▶ Work to complete
Reproduce word for word, from the entries below, the line with "New BENYAR Top", the line with "HAWILLOSCH Chinese Style", and every line between them, and nothing more.

▶ Data listing
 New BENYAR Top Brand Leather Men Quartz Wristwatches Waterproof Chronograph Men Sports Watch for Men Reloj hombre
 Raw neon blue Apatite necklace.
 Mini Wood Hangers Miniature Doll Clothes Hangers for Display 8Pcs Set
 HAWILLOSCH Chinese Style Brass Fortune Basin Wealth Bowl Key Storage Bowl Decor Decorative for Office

==

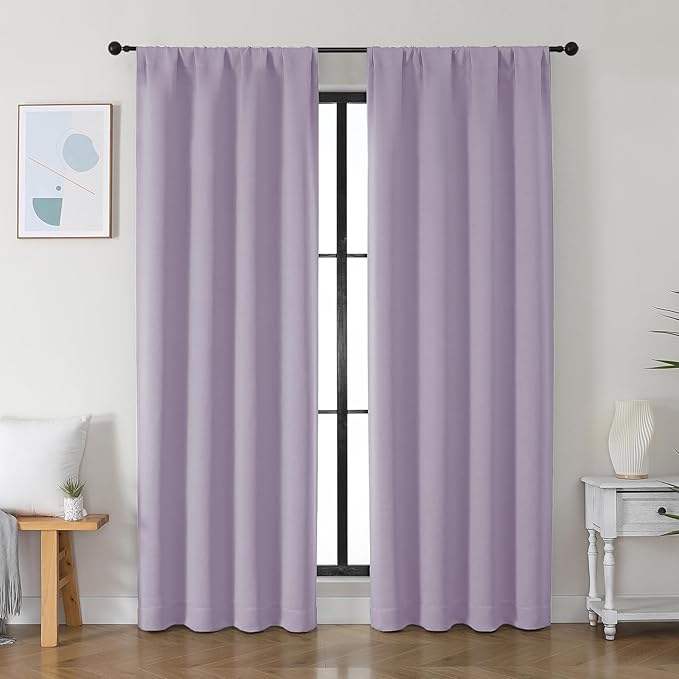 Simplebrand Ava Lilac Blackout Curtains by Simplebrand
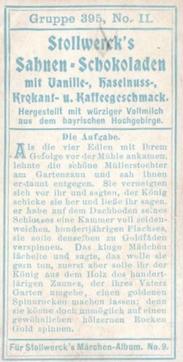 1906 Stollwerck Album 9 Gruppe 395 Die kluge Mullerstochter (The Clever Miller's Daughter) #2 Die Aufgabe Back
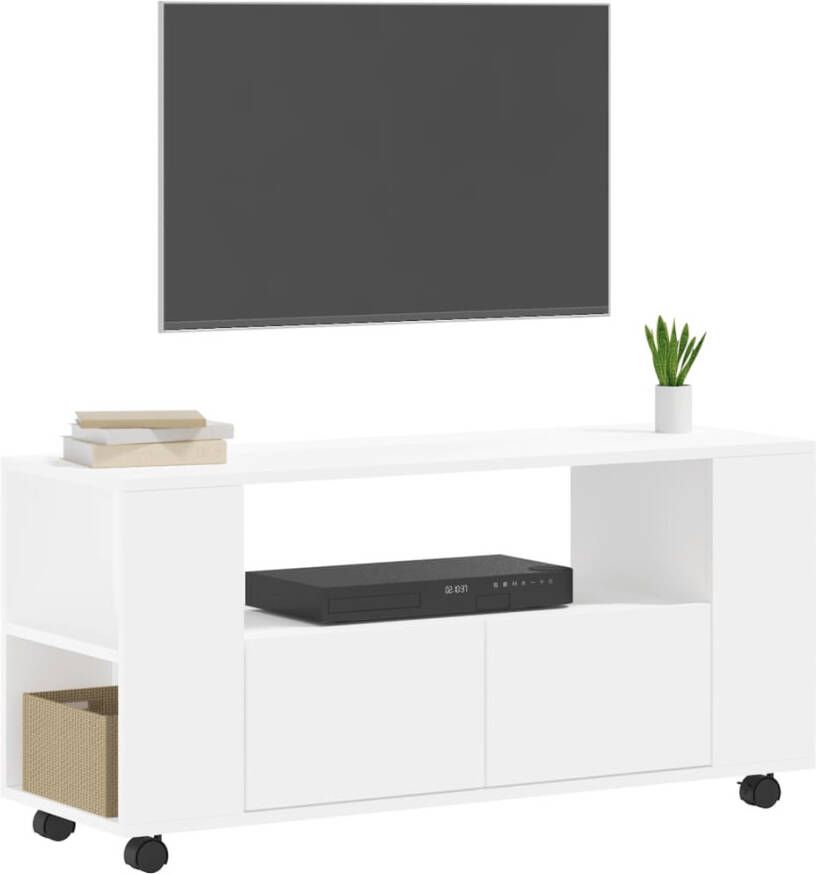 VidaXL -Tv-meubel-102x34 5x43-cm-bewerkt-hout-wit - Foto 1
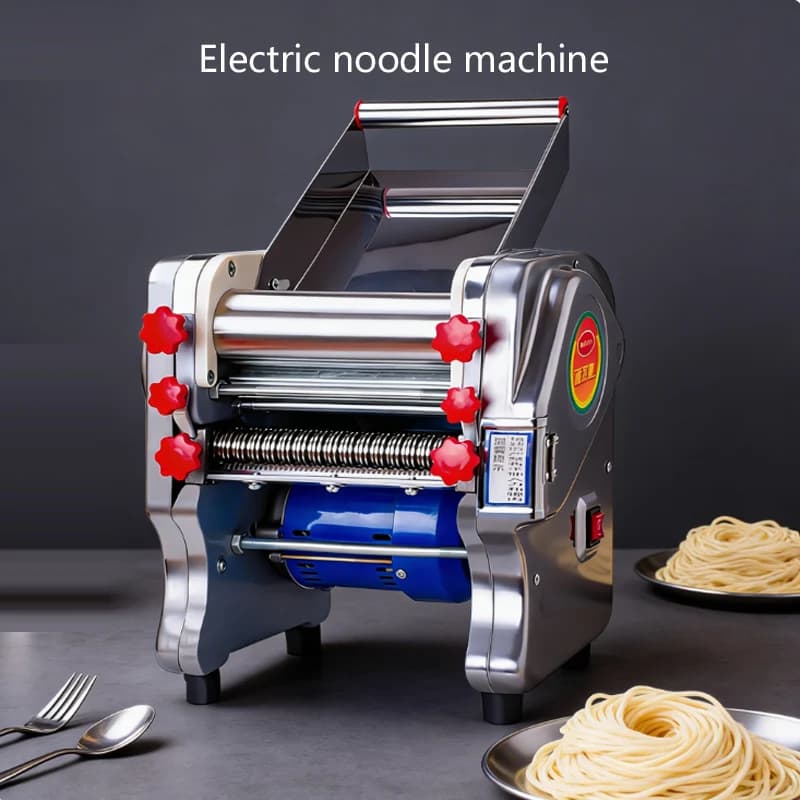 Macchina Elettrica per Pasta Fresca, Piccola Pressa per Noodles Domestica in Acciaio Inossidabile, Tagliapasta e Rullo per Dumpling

▶ Written solution
 New BENYAR Top Brand Leather Men Quartz Wristwatches Waterproof Chronograph Men Sports Watch for Men Reloj hombre
 Raw neon blue Apatite necklace.
 Mini Wood Hangers Miniature Doll Clothes Hangers for Display 8Pcs Set
 HAWILLOSCH Chinese Style Brass Fortune Basin Wealth Bowl Key Storage Bowl Decor Decorative for Office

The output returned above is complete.